During a concurrent interview and record review on 1/20/2023 at 2:52 p.m., with the Director of Staff Development (DSD), the DSD verified dementia training was not being done upon hire. The DSD stated the importance of dementia training is to understand the behavior of residents who have dementia and how to help and assist them better. The DSD verified he does not have the calendar of in-services conducted before 8/2022. The DSD verified since 8/2022, dementia training has not been done. The DSD stated it is something he will start to work on.

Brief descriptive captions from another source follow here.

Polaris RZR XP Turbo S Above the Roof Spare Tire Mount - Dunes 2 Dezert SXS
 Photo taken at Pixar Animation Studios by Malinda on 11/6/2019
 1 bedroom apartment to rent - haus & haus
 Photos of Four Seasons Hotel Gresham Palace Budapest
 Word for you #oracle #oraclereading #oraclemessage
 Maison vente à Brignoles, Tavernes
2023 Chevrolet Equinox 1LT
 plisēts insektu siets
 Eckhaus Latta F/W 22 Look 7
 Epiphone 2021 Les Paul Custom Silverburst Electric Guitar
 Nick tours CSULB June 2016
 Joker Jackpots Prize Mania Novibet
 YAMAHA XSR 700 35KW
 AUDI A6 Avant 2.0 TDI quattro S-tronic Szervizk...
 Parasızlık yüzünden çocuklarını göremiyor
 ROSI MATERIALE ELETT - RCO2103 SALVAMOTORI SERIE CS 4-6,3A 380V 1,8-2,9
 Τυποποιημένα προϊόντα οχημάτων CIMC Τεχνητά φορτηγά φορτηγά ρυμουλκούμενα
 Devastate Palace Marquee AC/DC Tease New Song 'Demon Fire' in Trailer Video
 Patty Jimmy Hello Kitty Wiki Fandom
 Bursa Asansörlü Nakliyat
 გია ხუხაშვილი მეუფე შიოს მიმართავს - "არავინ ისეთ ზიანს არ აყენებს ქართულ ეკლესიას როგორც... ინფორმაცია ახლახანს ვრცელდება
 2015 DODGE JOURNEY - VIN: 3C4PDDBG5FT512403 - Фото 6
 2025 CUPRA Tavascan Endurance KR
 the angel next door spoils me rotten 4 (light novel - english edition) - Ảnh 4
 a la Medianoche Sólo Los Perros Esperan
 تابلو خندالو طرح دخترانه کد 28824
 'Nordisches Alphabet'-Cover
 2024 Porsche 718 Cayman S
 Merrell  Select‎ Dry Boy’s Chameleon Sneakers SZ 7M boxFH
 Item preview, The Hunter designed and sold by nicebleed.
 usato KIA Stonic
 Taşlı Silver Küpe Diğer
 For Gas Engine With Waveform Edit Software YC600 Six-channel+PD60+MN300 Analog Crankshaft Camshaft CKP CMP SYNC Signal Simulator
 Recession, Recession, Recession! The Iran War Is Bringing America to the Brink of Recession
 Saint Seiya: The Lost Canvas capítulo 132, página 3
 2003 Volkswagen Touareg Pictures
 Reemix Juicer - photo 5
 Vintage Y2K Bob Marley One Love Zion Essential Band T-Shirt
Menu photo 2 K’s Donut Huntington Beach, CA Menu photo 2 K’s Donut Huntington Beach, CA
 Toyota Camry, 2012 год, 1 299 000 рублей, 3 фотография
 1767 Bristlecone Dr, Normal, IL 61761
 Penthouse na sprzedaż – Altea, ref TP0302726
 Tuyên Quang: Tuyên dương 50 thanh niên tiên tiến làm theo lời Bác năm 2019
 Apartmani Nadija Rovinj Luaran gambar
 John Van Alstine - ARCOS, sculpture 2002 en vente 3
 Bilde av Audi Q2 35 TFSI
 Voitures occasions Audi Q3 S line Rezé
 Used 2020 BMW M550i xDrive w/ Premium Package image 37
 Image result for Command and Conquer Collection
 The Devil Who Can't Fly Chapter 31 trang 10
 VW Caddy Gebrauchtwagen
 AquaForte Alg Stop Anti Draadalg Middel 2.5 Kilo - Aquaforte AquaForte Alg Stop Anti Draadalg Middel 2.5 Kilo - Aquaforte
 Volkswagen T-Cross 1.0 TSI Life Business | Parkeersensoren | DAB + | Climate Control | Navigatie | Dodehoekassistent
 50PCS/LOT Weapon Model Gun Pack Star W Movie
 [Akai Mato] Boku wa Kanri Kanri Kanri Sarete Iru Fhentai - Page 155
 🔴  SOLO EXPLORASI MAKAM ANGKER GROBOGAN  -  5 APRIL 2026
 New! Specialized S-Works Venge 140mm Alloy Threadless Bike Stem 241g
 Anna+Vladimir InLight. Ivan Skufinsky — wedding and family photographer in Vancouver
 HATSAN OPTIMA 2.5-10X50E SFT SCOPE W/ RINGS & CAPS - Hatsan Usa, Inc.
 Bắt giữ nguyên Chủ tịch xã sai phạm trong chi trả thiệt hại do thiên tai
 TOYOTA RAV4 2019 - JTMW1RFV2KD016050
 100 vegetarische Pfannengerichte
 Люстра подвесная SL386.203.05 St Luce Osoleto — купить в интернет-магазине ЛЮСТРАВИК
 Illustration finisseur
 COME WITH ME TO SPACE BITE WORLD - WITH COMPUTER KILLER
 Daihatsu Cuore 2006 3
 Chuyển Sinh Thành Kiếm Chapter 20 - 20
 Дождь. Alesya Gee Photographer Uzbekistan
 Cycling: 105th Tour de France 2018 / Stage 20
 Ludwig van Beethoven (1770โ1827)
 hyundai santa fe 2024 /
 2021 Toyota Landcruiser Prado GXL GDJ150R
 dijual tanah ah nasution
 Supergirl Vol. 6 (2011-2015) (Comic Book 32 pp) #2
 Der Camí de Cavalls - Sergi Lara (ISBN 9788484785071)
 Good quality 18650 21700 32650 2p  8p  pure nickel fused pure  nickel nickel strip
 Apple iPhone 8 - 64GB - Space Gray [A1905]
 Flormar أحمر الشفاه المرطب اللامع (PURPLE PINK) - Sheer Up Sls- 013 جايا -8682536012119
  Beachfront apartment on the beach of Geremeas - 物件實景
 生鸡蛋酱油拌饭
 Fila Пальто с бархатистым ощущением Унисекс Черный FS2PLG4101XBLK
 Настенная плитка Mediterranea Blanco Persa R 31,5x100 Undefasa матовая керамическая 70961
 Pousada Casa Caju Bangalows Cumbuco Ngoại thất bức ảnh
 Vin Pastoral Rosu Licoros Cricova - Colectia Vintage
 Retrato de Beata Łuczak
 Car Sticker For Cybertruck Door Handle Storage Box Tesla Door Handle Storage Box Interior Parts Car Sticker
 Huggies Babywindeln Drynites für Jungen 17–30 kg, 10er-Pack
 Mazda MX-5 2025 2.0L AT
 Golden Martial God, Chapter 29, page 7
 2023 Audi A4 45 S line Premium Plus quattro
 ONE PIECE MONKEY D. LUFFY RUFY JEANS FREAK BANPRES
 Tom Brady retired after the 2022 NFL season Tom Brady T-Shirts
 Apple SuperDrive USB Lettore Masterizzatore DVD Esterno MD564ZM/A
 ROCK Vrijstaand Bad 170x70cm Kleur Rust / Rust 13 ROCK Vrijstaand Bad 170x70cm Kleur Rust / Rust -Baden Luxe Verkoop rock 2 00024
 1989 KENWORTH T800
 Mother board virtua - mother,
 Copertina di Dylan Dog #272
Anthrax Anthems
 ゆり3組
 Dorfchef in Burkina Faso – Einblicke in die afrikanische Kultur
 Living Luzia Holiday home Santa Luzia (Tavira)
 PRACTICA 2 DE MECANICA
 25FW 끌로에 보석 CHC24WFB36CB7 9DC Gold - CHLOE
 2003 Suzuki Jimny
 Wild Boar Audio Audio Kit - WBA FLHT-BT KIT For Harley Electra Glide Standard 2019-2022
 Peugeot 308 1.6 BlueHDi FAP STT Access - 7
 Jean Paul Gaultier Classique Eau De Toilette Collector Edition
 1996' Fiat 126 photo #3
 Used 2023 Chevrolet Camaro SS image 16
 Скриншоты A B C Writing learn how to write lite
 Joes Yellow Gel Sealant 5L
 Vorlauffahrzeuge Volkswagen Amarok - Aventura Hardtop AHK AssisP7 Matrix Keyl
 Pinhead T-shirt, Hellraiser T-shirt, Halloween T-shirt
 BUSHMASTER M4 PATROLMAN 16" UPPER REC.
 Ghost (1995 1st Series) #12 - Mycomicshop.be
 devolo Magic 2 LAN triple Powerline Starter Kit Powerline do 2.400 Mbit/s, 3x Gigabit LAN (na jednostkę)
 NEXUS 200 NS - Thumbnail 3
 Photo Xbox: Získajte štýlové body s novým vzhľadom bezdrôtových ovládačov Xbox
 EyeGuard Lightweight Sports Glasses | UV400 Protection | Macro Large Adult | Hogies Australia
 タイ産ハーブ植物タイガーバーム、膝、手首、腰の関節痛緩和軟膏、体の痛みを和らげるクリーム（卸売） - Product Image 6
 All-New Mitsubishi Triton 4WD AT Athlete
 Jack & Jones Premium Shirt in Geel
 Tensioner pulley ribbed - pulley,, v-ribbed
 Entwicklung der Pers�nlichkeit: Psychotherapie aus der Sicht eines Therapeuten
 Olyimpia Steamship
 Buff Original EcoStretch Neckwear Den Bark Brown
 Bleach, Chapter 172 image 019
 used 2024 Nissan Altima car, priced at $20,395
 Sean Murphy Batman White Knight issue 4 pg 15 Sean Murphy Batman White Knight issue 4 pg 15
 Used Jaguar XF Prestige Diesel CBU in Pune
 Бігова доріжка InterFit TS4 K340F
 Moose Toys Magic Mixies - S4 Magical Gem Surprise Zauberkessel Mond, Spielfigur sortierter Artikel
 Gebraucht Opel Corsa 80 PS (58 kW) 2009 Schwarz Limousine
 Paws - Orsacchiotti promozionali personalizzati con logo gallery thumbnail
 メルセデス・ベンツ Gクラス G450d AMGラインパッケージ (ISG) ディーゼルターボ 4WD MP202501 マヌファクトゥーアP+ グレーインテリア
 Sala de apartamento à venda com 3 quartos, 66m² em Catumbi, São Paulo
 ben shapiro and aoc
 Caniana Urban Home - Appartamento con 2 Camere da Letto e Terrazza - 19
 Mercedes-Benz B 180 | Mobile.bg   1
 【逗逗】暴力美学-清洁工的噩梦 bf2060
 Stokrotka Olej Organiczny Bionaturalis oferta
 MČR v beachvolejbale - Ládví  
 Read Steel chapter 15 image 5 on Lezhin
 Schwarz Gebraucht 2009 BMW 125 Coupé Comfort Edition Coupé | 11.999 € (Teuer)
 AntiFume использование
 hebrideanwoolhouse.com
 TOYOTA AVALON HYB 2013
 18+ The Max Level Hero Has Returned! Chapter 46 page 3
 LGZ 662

During an interview on 1/20/2023 at 4:05 p.m., with the Director of Nursing (DON), the DON stated dementia training is important, so staff are aware of what to look for in regards to signs and symptoms of dementia and how to take care of those residents. The DON stated training should be done yearly.
A review of the Facility Assessment Tool, updated on 11/2/2022, indicated the following:
Staff training/education (the following are the minimum training opportunities provided to all nursing staff and ancillary staff as required and assessed as appropriate):
- Abuse, neglect, and exploitation- training that at a minimum educates staff members on .Care/management for persons with dementia and resident abuse prevention.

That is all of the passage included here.